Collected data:
★ ★ ★ ★ ★ ★ ★
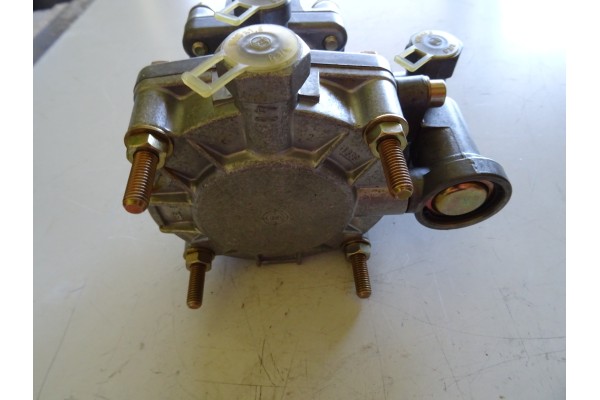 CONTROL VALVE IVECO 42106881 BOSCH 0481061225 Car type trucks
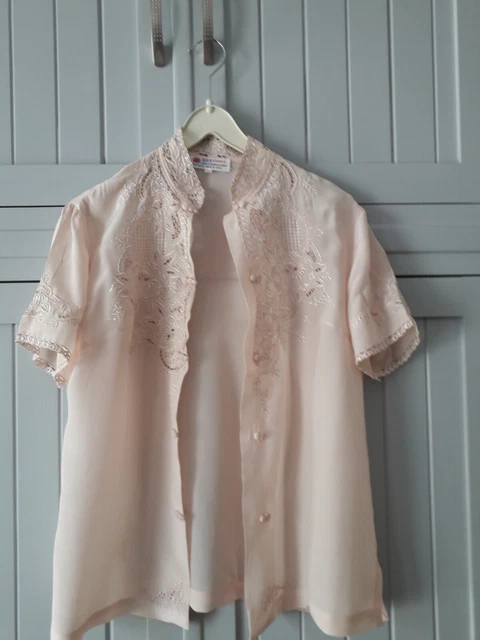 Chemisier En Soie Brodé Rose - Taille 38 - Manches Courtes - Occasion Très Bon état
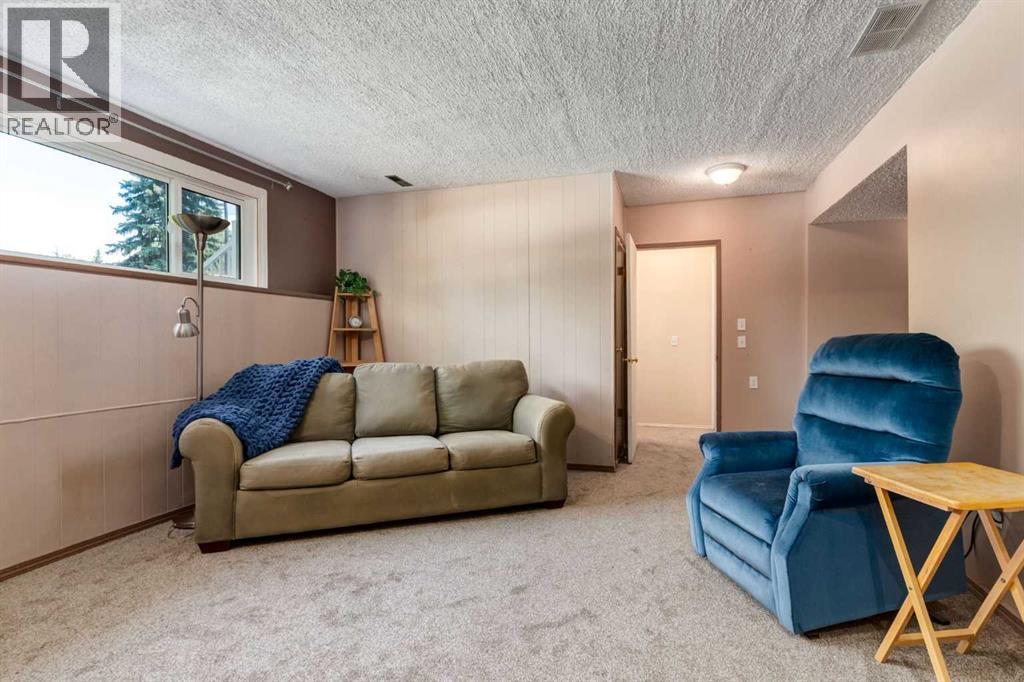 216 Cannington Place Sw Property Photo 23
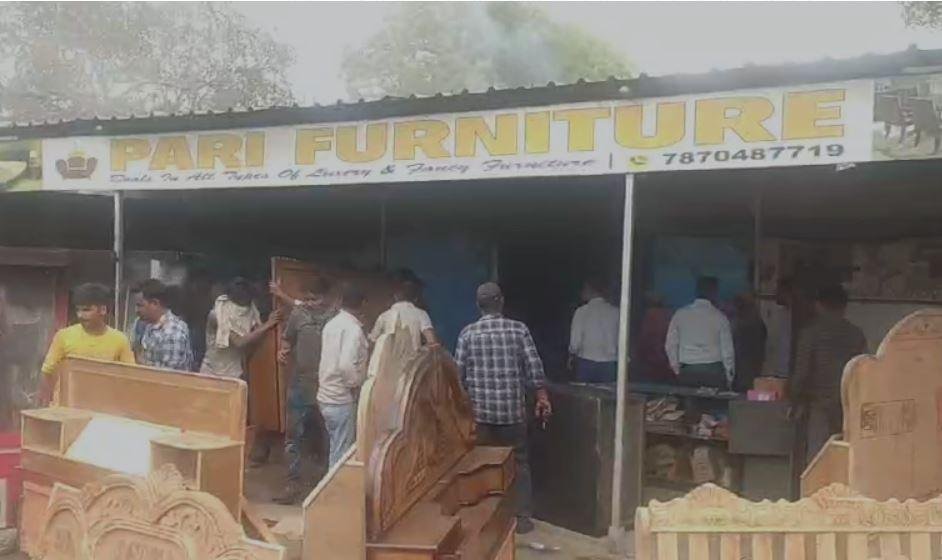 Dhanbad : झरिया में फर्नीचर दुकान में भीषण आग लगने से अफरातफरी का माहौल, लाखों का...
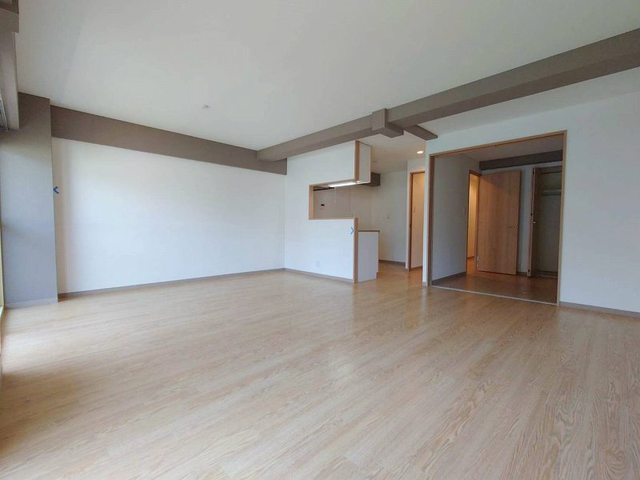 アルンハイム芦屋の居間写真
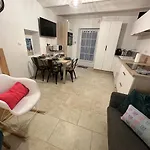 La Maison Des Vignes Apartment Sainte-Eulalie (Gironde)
★ ★ ★ ★ ★ ★ ★
PROBLEM STATEMENT: Each line from the one bearing "216 Cannington Place Sw Property Photo 23" through the final line of the records is to be copied exactly, and no pictures are to be included.

WRITTEN SOLUTION:
 216 Cannington Place Sw Property Photo 23
 Dhanbad : झरिया में फर्नीचर दुकान में भीषण आग लगने से अफरातफरी का माहौल, लाखों का...
 アルンハイム芦屋の居間写真
 La Maison Des Vignes Apartment Sainte-Eulalie (Gironde)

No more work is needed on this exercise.